> _WHAT IS EXPECTED_:
With the pictures omitted, repeat exactly the lines below starting with the line that has "B-7000, каким клеем" and going on through the line that has "These women's low-top".

> _THE INPUT_:
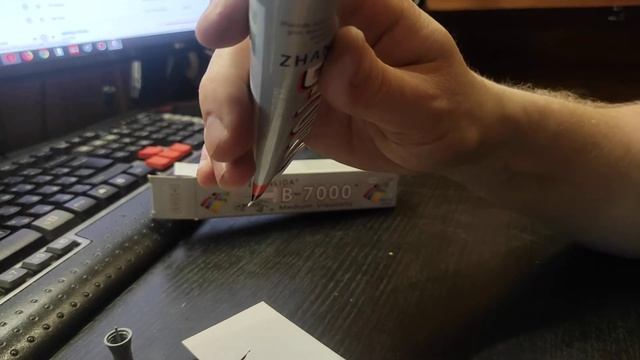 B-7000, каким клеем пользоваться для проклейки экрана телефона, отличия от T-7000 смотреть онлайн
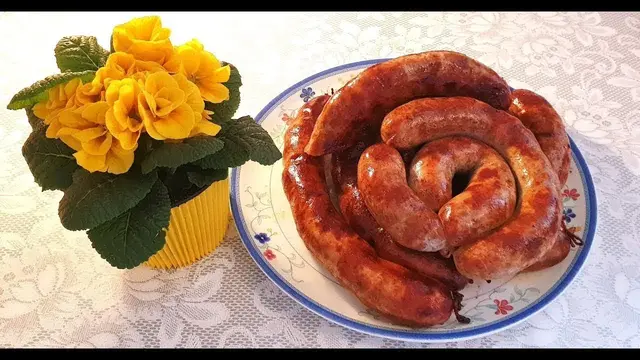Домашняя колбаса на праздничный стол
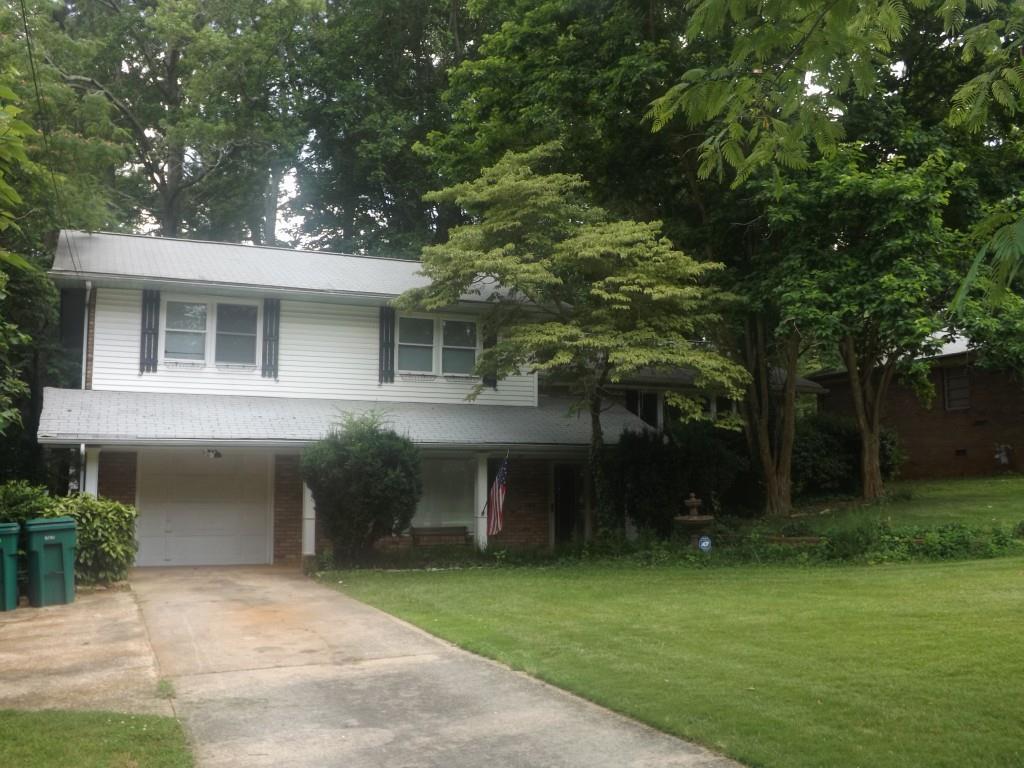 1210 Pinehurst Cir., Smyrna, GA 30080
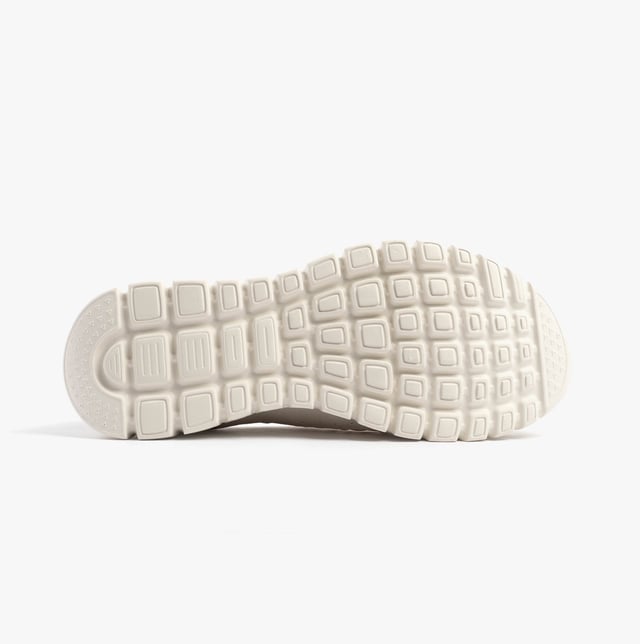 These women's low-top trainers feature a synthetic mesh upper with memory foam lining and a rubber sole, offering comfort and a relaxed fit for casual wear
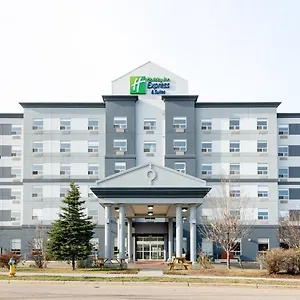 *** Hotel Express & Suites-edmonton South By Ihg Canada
* * *
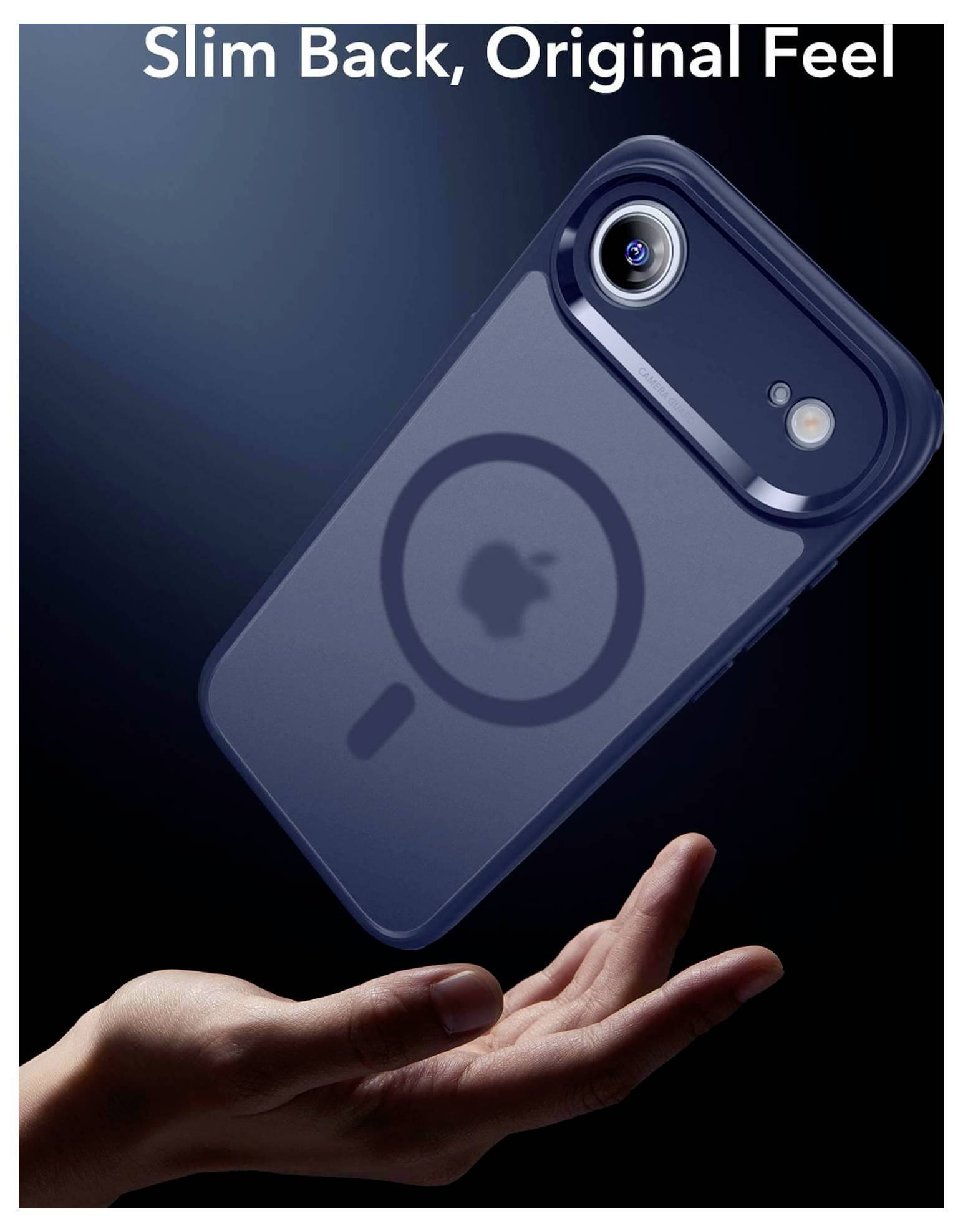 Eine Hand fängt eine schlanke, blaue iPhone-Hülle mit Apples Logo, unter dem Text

> _RESULT_:
 B-7000, каким клеем пользоваться для проклейки экрана телефона, отличия от T-7000 смотреть онлайн
Домашняя колбаса на праздничный стол
 1210 Pinehurst Cir., Smyrna, GA 30080
 These women's low-top trainers feature a synthetic mesh upper with memory foam lining and a rubber sole, offering comfort and a relaxed fit for casual wear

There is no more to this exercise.